Si él no me hubiese saludado yo hubiera pasado de largo. Había cambiado tanto que me costó reconocerlo. Su rostro estaba pálido y demacrado, sus movimientos eran precipitados y vacilantes, y yo, que le recordaba vestido con elegancia y pulcritud, cuando le conocí en Limmeridge, le veía ahora tan desaliñado que me avergonzaría si uno de mis escribientes se vistiera así.

—¿Cuándo volvió usted de Cumberland? —me preguntó—. Hace poco tuve noticias de la señorita Halcombe. Ya sé que han aceptado las explicaciones de sir Percival Glyde. ¿Se celebrará pronto la boda? ¿Lo sabe usted, señor Gilmore?

Hablaba con tanta precipitación y me hacía sus preguntas simultáneamente, de manera tan extraña y confusa, que apenas le podía seguir. Aunque incidentalmente hubiese tratado con cierta intimidad a la familia de Limmeridge no creía yo que tuviese derecho a aspirar a que se le informase sobre sus asuntos privados. Decidí, pues, acabar pronto y lo mejor que pudiese con el asunto de la boda de la señorita Fairlie.

—El tiempo lo dirá señor Hartright, el tiempo lo dirá —contesté—. Quiero decir que falta poco para que leamos sobre la boda en los periódicos. Perdóneme que se lo diga… pero lamento ver que no tiene usted tan buen aspecto como cuando le conocí.

Una momentánea contracción nerviosa agitó sus labios y sus ojos y casi me hizo arrepentirme de haberle contestado con tan marcada reserva.

—No tengo derecho a preguntarle nada acerca de la boda —dijo con amargura—; he de esperar a leerlo en los periódicos como todo el mundo. Sí —continuó, antes de que yo pudiese disculparme—. No he estado bien últimamente. Me voy a marchar fuera de Inglaterra para cambiar de ambiente y de ocupación. La señorita Halcombe ha tenido la amabilidad de apoyarme y se han aceptado mis informes. Me marcho muy lejos, pero me tiene sin cuidado ni dónde voy, ni si el clima es bueno, ni cuánto tiempo estaré fuera.

Miraba a su alrededor mientras hablaba, al tumulto de la gente que pasaba a derecha e izquierda, con una expresión de extraña suspicacia, como si temiese que alguien nos estuviera observando.

—Le deseo buena suerte y que vuelva sano y salvo —le dije.
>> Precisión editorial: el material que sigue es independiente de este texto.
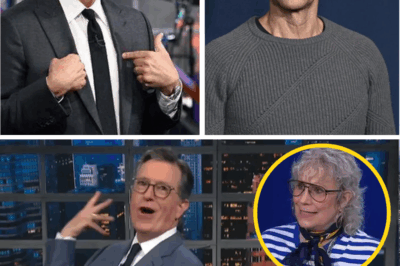 “They didn’t cancel him because he failed… they canceled him because he scared them” – Stephen Colbert’s SHOCK OUSTER Leaves Industry Reeling As Daily Show Creator ACCUSES Network Of ‘FEAR-DRIVEN COWARDICE’ Behind Late Night SHAKE-UP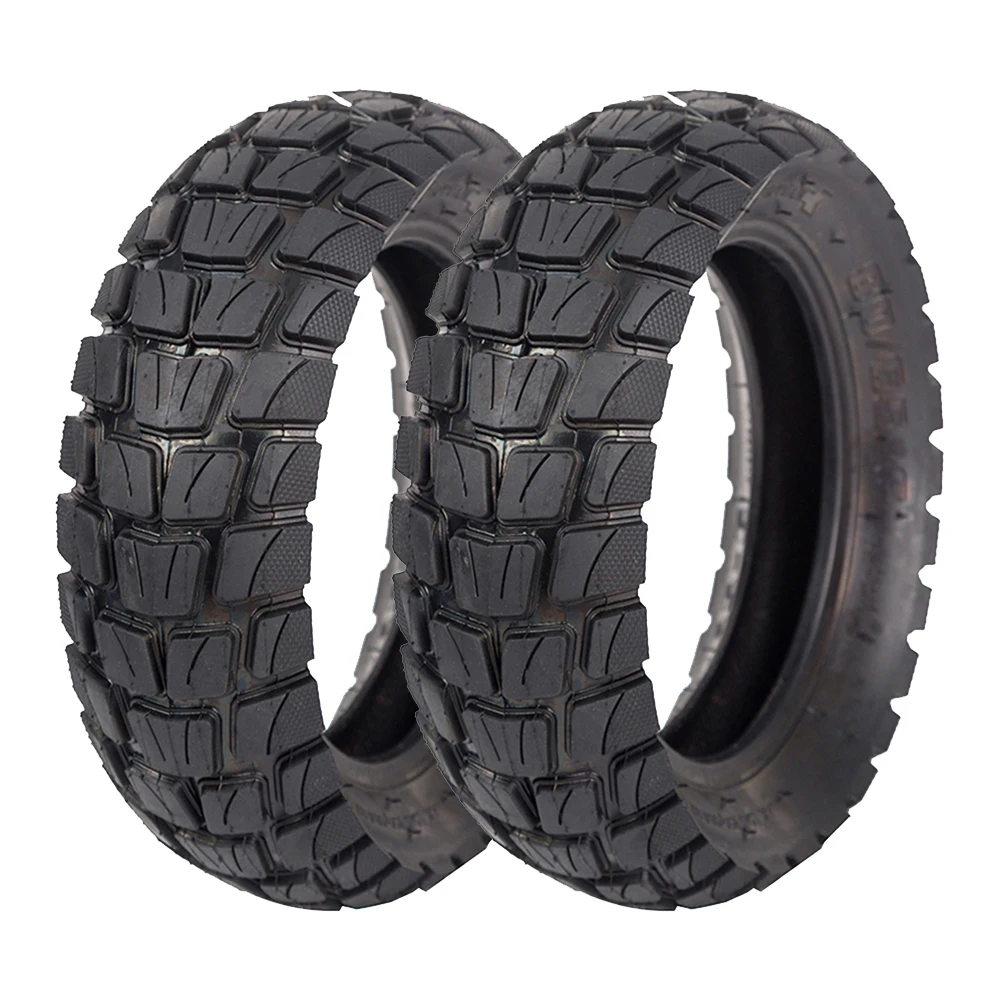 2pcs 10 Inch 80/65-6 Off-Road/Road Tires 255x80 For Zero 10x Electric Scooter Thicker Rubber 600g/pcs Cycling Parts Replacements
2pcs 10 Inch 80/65-6 Off-Road/Road Tires 255x80 For Zero 10x Electric Scooter Thicker Rubber 600g/pcs Cycling Parts Replacements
Y añadí, para disipar su impresión de que lo mantenía a raya en lo que se refería a los Fairlie—. Me voy ahora a Limmeridge para tratar unos asuntos. La señorita Halcombe y la señorita Fairlie se han ido a Yorkshire, a casa de unos amigos.

Brillaron sus ojos y me pareció que quería decirme algo, pero la misma contracción nerviosa de antes desfiguró su rostro. Cogió mi mano, la estrechó con fuerza y desapareció entre la multitud sin añadir una palabra. A pesar de ser para mí casi un extraño, le seguí con la mirada unos instantes, casi apenado. Por mi profesión he adquirido bastante experiencia sobre la gente joven, y sé muy bien qué importancia tienen los indicios exteriores cuando emprenden un mal camino, y cuando llegué a la estación tenía, aunque me desagrade decirlo, mis serias dudas acerca del porvenir del señor Hartright.